TIP: "If your SVM model is overfitting, you can try regularizing it by  
reducing C."


"The following Scikit-Learn code loads the iris dataset, scales the features, and then  
trains a linear SVM model (using the LinearSVC class with C = 1 and the hinge loss  
function, described shortly) to detect Iris-Virginica flowers. The resulting model is  
represented on the left of Figure 5-4."

In [1]:
import numpy as np
from sklearn import datasets
from sklearn.pipeline import Pipeline
from sklearn.preprocessing import StandardScaler
from sklearn.svm import LinearSVC

iris = datasets.load_iris()
X = iris["data"][:, (2, 3)]  # petal length, petal width
y = (iris["target"] == 2).astype(np.float64)  # Iris virginica

svm_clf = Pipeline([
        ("scaler", StandardScaler()),
        ("linear_svc", LinearSVC(C=1, loss="hinge", random_state=42)),
    ])

svm_clf.fit(X, y)

Pipeline(steps=[('scaler', StandardScaler()),
                ('linear_svc', LinearSVC(C=1, loss='hinge', random_state=42))])

In [2]:
svm_clf.predict([[5.5, 1.7]])

array([1.])

NOTE: "Unlike Logistic Regression classifiers, SVM classifiers do not output  
probabilities for each class."

"Alternatively, you could use the SVC class, using SVC(kernel="linear", C=1), but it  
is much slower, especially with large training sets, so it is not recommended. Another  
option is to use the SGDClassifier class, with SGDClassifier(loss="hinge",  
alpha=1/(m*C)). This applies regular Stochastic Gradient Descent (see Chapter 4) to  
train a linear SVM classifier. It does not converge as fast as the LinearSVC class, but it  
can be useful to handle huge datasets that do not fit in memory (out-of-core training),  
or to handle online classification tasks."

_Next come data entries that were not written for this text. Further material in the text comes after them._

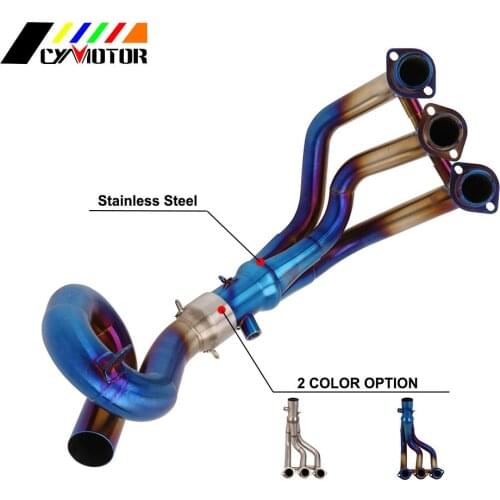 Motorcycle Full Exhaust System Middle Front Exhaust Muffler Link Pipe Slip-on For YAMAHA MT09 MT-09 FZ09 FZ-09 2014-2018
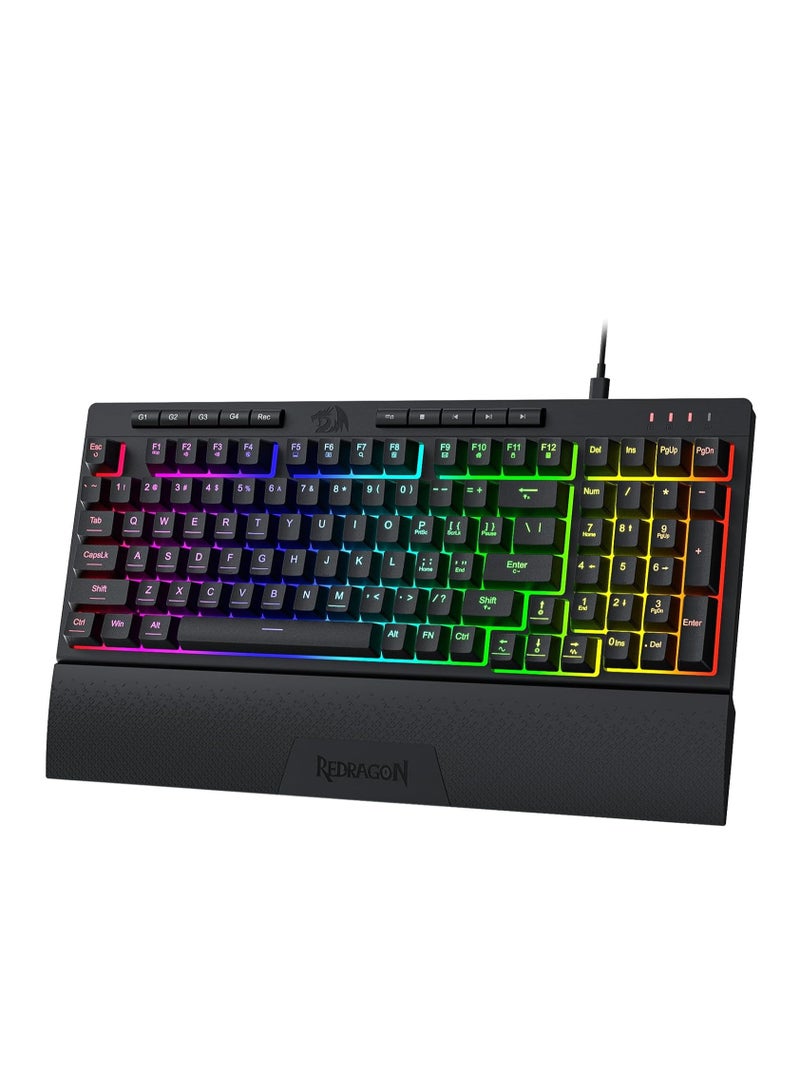 REDRAGON Shiva K515 98-Key RGB Membrane Gaming Keyboard, Mechanical-Feel Linear Switches, 26-Key Anti-Ghosting, 4 Onboard Macro Keys, Dedicated Multimedia Keys, Detachable Wrist Rest, Software Customizable Lighting, Black | K515-RGB - Image 1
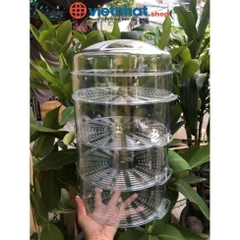 Lồng bàn 5 tầng giữ nhiệt thức ăn, chống bụi, chống côn trùng thiết kế hiện đại bền đẹp LS2676 Nhựa Việt Nhật Shop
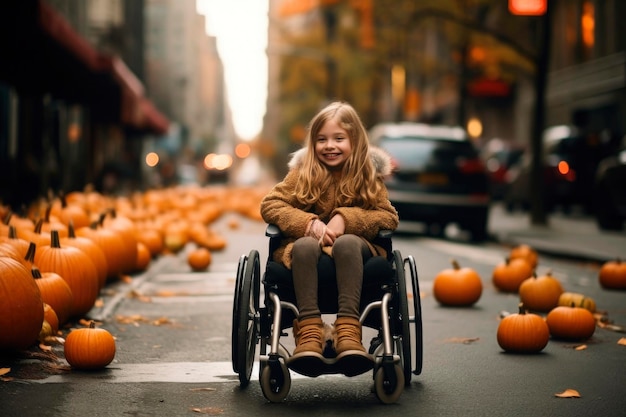Retrato generado por IA de sincero, auténtico, alegre, feliz, niño discapacitado, niña, silla de ruedas, caída al aire libre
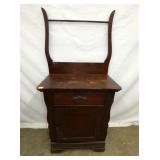 UNUSUAL SIZE OAK WASHSTAND W/ RACK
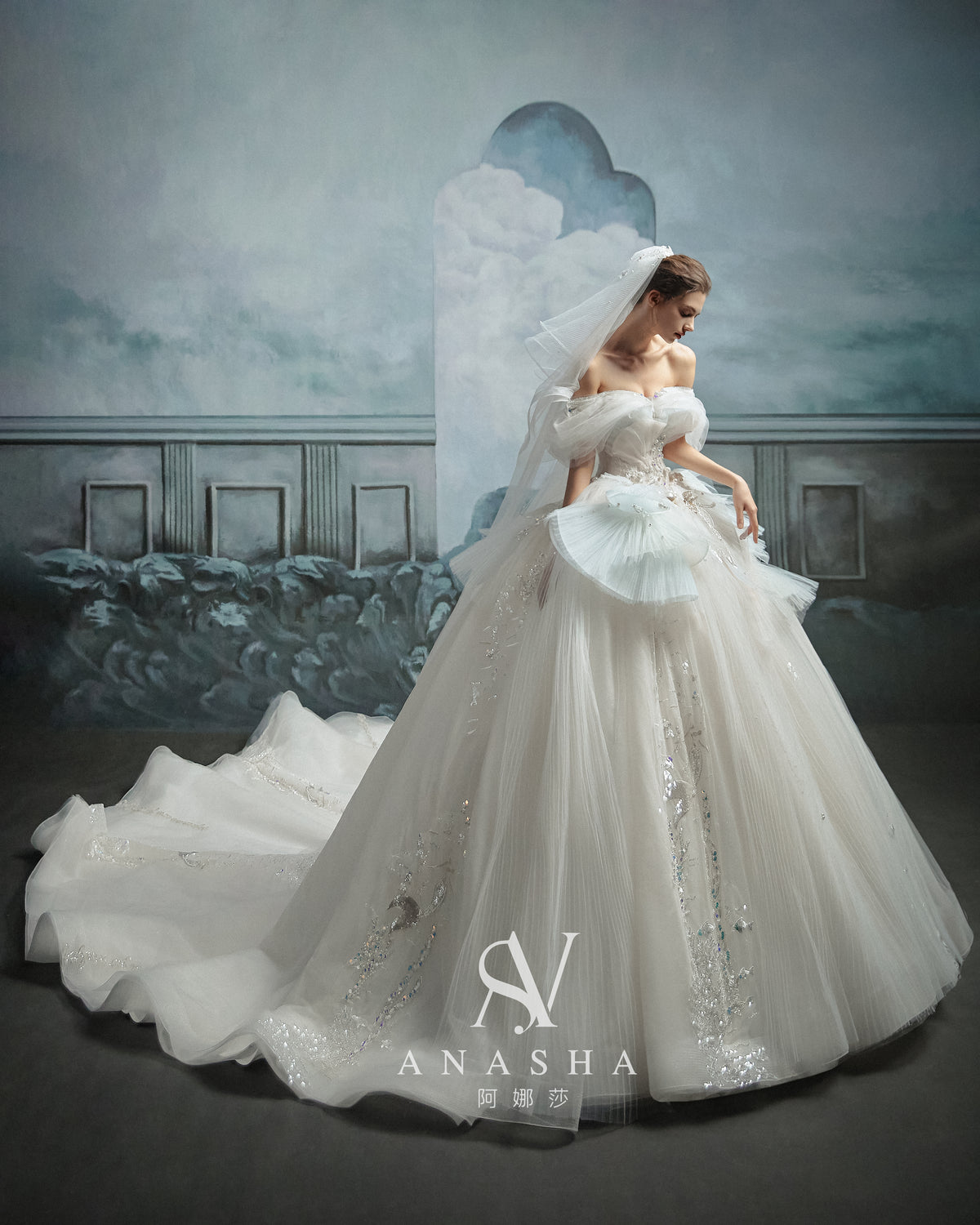 Ethereal Off-Shoulder Crystal Ball Gown Wedding Dress with Cathedral Train & Cloud Appliqués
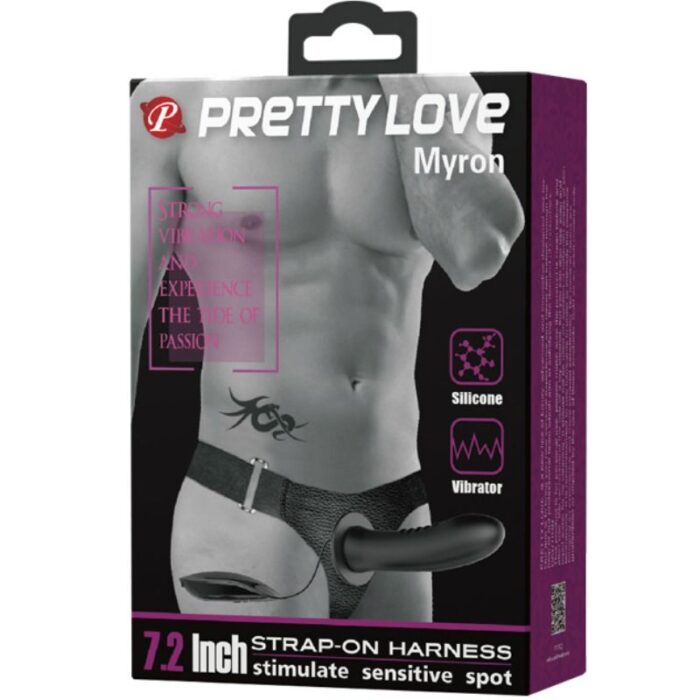 PRETTY LOVE - MYRON STRAP ON CON VIBRACIÓN Y DILDO HUECO - CandyHot - Foto 6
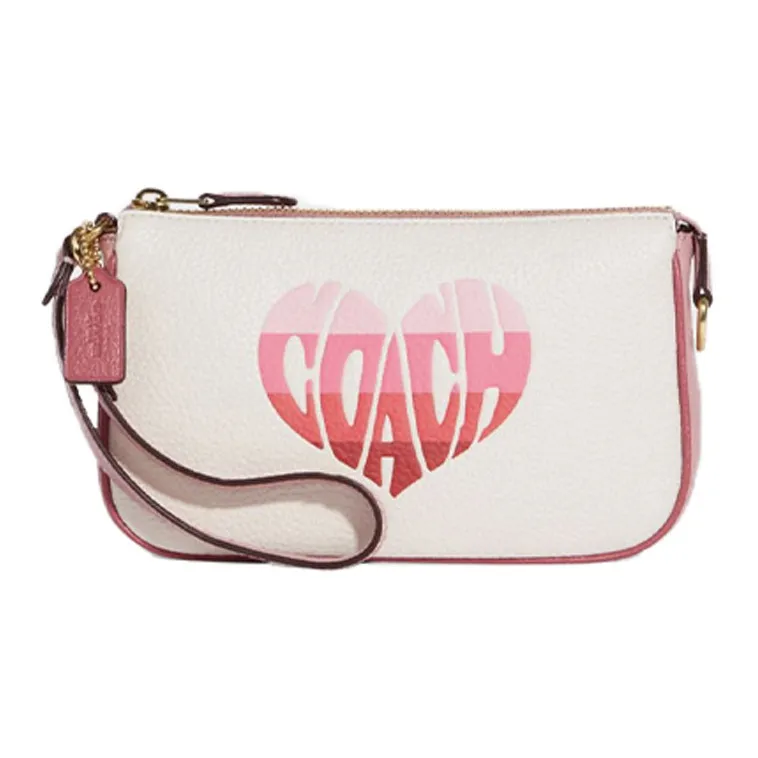 COACH Nolita Cow Leather Pochette, Shoulder Bag, Wrist Bag, Clutch Small Size Women's White & Pink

TIP: "The LinearSVC class regularizes the bias term, so you should center  
the training set first by subtracting its mean. This is automatic if  
you scale the data using the StandardScaler. Moreover, make sure  
you set the loss hyperparameter to "hinge", as it is not the default  
value. Finally, for better performance you should set the dual  
hyperparameter to False, unless there are more features than  
training instances (we will discuss duality later in the chapter)."